O diretor conseguiu alguns sucessos de bilheteria com a série de filmes Policial em Apuros (com uma terceira parte engatilhada na pré-produção), mesmo apresentando um material de baixíssima qualidade; e ainda teve o longa Táxi, lançado em 2004, uma bomba pecaminosa em seu currículo. Assim, sobra apenas a comédia familiar Uma Turma do Barulho (2002) como o único acerto no alvo da carreira de Tim Story. O diretor americano se tornou um ‘one-hit wonder’ (capacidade de fazer apenas um único sucesso em toda a trajetória). Não mais!
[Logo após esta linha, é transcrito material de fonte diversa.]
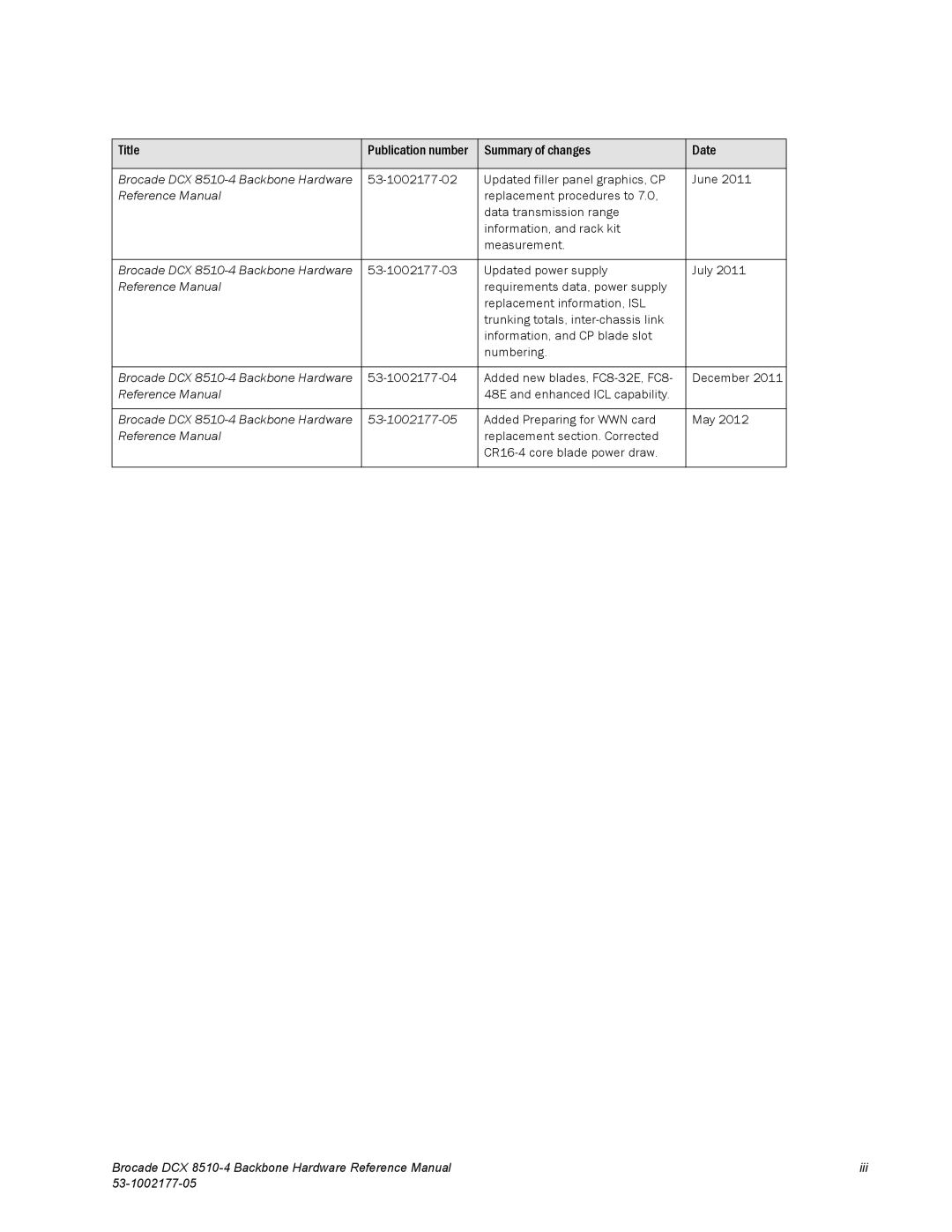 Brocade Communications Systems manual Brocade DCX 8510-4 Backbone Hardware Reference Manual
Do mesmo modo como sua obra de 2002, Shaft da Netflix também é um filme familiar, mas só um pouquinho mais violento. O investigador privado boca suja é a típica figura paterna eastwoodiana, que quando se encontra ao lado de JJ, interpretado pelo cativante Jessie Usher, faz desta atual produção algo de muito prazeroso. Quando os dois estão juntos em cena, Shaft faz um show de fogos de artifício!

Melhor ainda, que isso não se restringiu à dupla de protagonistas, já que o elenco composto também, por: Alexandra Shipp (a versão mais jovem da mutante Tempestade em X-Men), Regina Hall (com uma hilária cena no restaurante quando encontra John Shaft II com duas mulheres), além de Richard Roundtree – o Shaft original – oferecem o apoio necessário para tornar a experiência ainda mais agradável.
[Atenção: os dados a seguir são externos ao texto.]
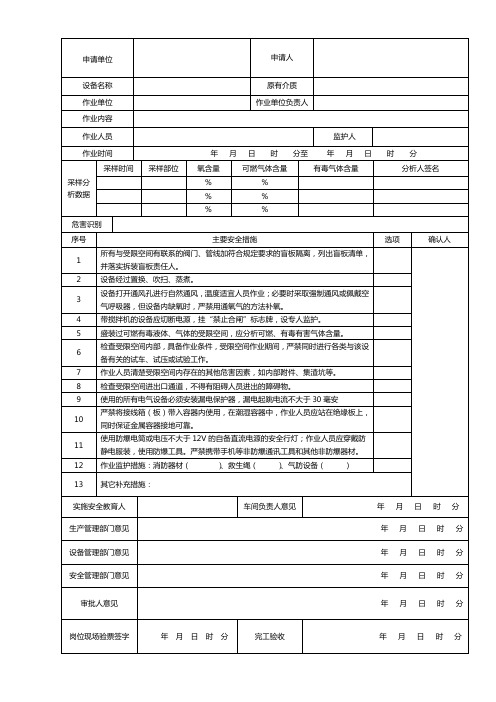 受限空间作业票样板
O septuagenário Samuel L. Jackson, mais que um ator, hoje, uma instituição cinematográfica de valor inestimável, não é capaz de praticar piruetas performáticas típicas do cinema de ação. Desta maneira, temos em Shaft, a boa e velha troca de tiros à la faroeste, que agrada os mais velhos, e pode entediar os mais jovens ávidos por uma ação em cena mais dinâmica e explosiva.

Porém, o que permeia ao final do novo Shaft, disponível para o assinante da Netflix, é o intento que vem do roteiro de Kenya Barris e Alex Barnow. Unir gerações diferentes no mesmo plano, com todas as suas contradições e conflitos na busca por um equilíbrio destas, com mobilizações de ambos os lados. Em resumo: JJ precisa amadurecer algumas ideias e aprender a tomar as rédeas de algumas situações, e John Shaft II precisa se tocar quando está passando da conta, e praticar um mínimo de humildade geralmente impedido por seu ego inflado.

Óbvio, que o ex-detetive é menos maleável, e reluta mais com certas mudanças. Ainda assim, uma tarefa difícil resistir ao charme canalha (que nem sempre consegue o que deseja) que só Samuel L. Jackson consegue prover.